CHAPTER VII.
LORD BYRON CONSIDERED AS A FATHER, AS A BROTHER, AND AS A SON.
HIS GOODNESS SHOWN BY THE STRENGTH OF HIS INSTINCTIVE AFFECTIONS.
LORD BYRON AS A FATHER.
If, as a great moralist has said, our natural affections have power only upon sensitive and virtuous natures, but are despised by men of corrupt and dissipated habits, then must we find a proof again of Lord Byron's excellence in the influence which his affections exercised over him.
His tenderness for his child, and for his sister, was like a ray of sunshine which lit up his whole heart, and in the moments of greatest depression prevented desolation from completely absorbing his nature.
His thoughts were never far from the objects of his affection.
CXV.
"My daughter! with thy name this song begun;
My daughter! with thy name thus much shall end;
I see thee not, I hear thee not, but none
Can be so wrapt in thee; thou art the friend
To whom the shadows of far years extend:
Albeit my brow thou never shouldst behold,
My voice shall with thy future visions blend.
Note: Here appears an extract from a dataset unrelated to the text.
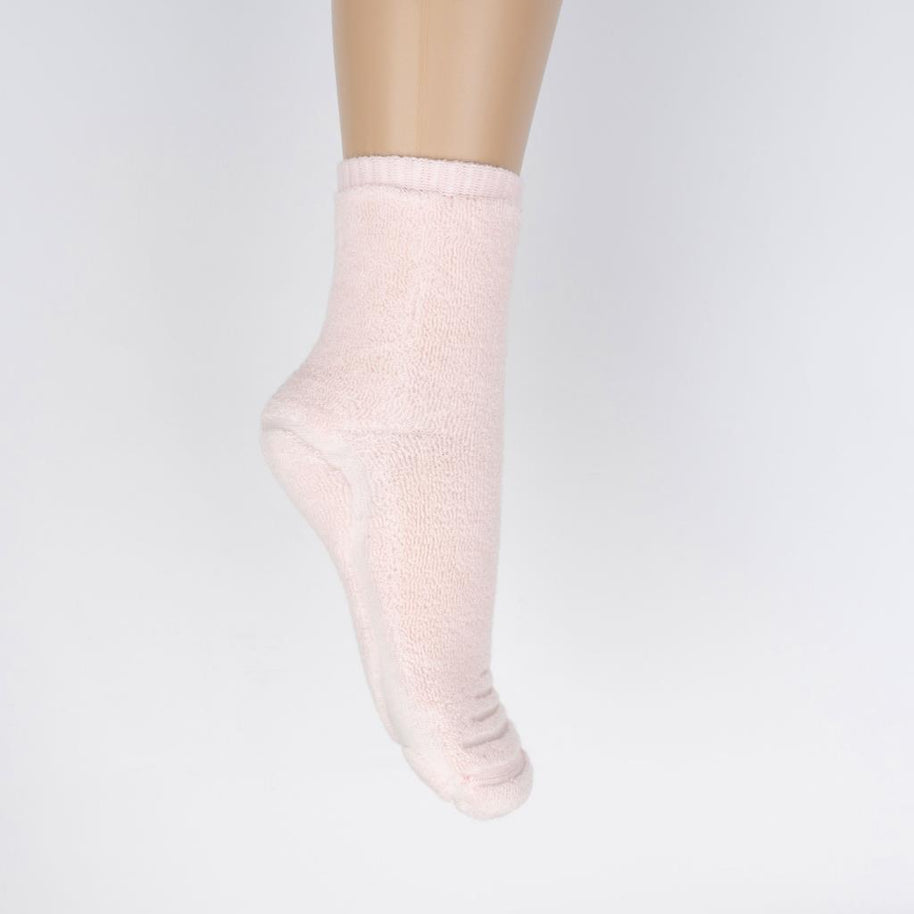 Chaussettes fille éponge Yubin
And reach into thy heart, when mine is cold,
A token and a tone, even from thy father's mould.
CXVI.
"To aid thy mind's development, to watch
Thy dawn of little joys, to sit and see
Almost thy very growth, to view thee catch
Knowledge of objects,—wonders yet to thee!
To hold thee lightly on a gentle knee,
And print on thy soft cheek a parent's kiss,
This, it should seem, was not reserved for me,
Yet this was in my nature: as it is,
I know not what is there, yet something like to this.
CXVIII.
* * * * *
"Sweet be thy cradled slumbers! O'er the sea
And from the mountains where I now respire,
Fain would I waft such blessing upon thee,
As, with a sigh, I deem thou might'st have been to me."
Who ever read "Childe Harold" and was not touched by the delightful stanzas of the third canto,—a perfect chef-d'œuvre of tenderness and kindness, inclosed, as it were, in another master-piece, like, were it possible, a jewel found in a diamond?